Christopher Browne cbbrowne at ca.afilias.info
Sun Sep 2 16:32:17 PDT 2007
"Radim Kolar SF.NET" <hsn at sendmail.cz> writes:
>> I don't think this will be material; the improvement is primarily in going
>> from 1 to 100; the improvement from going to (say) 1000 is small, in
>> comparison.  And I think 1.2 improved this in the logic that deals with large
>> tuples...
> problem for me are not big tuples but lot of small ones. tracing network
> discovered that fetching 100 rows needs just 11 1500 sized network packets.
> Because my network is fast > 100Mbit,  but it has high RTT time ~ 270 ms
> bandwith is not a problem and packet loss is < 0.1%. Switching from cursor
> fetching to COPY will provide major speedup.
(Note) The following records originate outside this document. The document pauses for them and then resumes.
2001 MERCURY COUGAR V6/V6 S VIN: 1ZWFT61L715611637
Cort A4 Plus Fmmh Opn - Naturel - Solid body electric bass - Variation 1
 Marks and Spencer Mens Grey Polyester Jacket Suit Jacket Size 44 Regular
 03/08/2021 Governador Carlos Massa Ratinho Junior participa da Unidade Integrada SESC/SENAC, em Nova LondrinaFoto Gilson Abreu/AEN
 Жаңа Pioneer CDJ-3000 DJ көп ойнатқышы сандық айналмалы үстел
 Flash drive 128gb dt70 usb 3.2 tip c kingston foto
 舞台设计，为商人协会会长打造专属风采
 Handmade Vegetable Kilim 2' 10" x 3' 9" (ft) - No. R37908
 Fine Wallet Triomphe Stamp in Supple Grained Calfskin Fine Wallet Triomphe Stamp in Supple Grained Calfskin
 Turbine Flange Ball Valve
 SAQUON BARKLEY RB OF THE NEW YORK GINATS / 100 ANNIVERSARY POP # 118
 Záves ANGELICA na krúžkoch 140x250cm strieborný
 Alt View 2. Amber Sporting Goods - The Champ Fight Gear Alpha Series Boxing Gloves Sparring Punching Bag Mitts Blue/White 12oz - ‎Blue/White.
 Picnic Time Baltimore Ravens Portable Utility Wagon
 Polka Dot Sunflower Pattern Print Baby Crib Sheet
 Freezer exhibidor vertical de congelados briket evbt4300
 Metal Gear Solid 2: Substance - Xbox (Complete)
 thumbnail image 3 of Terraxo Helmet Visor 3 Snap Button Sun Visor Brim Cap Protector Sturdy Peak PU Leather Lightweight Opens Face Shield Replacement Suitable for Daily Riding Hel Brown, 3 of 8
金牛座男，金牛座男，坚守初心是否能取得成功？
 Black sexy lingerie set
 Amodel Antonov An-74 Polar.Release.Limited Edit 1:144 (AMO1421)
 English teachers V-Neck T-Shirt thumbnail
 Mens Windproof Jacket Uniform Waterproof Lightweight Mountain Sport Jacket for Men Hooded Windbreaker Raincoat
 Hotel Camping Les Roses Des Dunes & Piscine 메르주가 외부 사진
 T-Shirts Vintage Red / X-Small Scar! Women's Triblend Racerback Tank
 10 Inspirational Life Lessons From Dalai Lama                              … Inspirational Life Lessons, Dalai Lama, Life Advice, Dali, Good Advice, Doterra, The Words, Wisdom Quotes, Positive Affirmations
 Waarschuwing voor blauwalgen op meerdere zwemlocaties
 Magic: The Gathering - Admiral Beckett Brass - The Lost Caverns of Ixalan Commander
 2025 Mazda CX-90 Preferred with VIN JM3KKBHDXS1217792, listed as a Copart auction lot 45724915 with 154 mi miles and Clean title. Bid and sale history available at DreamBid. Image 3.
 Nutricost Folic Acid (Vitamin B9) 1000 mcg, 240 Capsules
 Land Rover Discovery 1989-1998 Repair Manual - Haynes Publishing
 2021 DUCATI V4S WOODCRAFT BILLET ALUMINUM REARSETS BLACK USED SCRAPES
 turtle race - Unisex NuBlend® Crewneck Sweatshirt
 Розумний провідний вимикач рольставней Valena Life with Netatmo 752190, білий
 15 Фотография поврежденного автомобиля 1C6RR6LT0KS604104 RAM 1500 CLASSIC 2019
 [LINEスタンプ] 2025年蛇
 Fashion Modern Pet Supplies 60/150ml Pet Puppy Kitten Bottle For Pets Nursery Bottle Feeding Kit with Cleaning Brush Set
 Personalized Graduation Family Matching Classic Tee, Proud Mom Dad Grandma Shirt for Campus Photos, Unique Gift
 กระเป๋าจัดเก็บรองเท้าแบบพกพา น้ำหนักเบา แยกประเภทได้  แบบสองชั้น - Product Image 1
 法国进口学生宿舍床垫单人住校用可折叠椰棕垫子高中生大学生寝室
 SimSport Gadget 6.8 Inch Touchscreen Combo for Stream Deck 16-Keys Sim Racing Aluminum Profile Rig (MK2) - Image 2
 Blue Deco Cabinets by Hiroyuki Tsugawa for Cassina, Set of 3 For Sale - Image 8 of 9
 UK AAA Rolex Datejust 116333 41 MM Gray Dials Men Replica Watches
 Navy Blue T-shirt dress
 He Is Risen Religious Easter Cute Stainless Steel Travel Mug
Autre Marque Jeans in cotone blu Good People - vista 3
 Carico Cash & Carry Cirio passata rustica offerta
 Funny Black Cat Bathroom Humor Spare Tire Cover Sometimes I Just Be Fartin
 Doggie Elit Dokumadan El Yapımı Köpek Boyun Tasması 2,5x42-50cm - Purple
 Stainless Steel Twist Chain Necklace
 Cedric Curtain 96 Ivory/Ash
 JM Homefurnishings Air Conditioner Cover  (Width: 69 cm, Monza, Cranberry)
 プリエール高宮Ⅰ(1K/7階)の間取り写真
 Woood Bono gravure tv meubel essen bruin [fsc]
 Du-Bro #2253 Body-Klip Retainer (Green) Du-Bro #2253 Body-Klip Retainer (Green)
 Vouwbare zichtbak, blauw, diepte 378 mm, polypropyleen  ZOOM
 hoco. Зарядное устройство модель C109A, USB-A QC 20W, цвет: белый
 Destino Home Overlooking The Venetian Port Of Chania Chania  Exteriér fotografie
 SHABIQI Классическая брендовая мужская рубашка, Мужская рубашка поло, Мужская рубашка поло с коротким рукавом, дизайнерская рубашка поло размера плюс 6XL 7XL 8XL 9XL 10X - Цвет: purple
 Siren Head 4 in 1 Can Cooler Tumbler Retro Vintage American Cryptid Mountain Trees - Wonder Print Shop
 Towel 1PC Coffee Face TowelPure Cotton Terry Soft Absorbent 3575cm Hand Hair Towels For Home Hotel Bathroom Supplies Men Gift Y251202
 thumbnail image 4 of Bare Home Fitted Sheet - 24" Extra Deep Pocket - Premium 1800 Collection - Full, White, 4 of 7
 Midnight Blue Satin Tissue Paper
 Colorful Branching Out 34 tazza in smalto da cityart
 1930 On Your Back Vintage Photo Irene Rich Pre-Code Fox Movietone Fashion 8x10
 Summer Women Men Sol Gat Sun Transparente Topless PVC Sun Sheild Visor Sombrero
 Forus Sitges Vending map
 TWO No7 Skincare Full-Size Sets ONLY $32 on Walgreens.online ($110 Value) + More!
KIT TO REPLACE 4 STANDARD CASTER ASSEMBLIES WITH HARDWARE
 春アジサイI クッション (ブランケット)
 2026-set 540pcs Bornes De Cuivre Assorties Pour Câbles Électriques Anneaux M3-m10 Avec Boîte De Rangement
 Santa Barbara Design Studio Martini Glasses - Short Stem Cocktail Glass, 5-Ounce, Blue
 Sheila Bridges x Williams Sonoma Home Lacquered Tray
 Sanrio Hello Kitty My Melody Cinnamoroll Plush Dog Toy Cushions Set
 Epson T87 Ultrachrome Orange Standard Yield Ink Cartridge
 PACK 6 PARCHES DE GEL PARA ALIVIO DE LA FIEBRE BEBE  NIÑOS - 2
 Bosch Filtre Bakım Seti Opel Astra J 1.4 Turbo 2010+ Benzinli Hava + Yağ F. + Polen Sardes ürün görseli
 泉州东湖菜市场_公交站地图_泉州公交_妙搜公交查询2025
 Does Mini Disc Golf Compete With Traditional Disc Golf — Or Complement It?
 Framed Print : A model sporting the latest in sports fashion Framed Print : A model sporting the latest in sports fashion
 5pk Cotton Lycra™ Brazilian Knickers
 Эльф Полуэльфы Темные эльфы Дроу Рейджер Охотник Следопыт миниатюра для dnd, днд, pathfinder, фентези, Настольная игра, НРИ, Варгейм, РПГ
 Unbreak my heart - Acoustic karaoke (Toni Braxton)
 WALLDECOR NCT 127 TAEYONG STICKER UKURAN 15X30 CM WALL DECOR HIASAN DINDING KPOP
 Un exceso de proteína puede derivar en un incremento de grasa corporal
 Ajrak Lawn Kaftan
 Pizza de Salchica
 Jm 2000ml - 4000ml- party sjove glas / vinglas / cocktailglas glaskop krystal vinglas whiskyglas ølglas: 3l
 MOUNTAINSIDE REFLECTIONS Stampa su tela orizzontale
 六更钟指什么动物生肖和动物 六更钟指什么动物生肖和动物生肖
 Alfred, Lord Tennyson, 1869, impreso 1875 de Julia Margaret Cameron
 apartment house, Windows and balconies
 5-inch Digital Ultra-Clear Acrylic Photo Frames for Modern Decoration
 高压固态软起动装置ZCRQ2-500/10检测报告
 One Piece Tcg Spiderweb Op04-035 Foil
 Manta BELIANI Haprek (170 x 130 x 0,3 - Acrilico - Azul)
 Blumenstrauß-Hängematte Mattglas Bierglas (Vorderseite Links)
The thing is, COPY can't do the job.  COPY is only in general any good
for the initial subscription.  After that, you've got a mix of
traffic.  INSERTs, UPDATEs, DELETEs.

In principle, if you had a whole bunch of INSERT statements
referencing a single table, that could be turned into a COPY.  In
principle.

Mind you, if your application does flurries of updates to various
tables, those INSERTs won't all be in sequence, so you certainly won't
get a COPY out of it.

>> The "better" answer would involve trying to do "peephole optimization"
>> on the query stream so as to group together related updates. 
> yes, all high-end replicators for Oracle are using it.

That seems assumption, to me.  I don't expect that Oracle replicators
are similar enough for analogies to hold terribly much.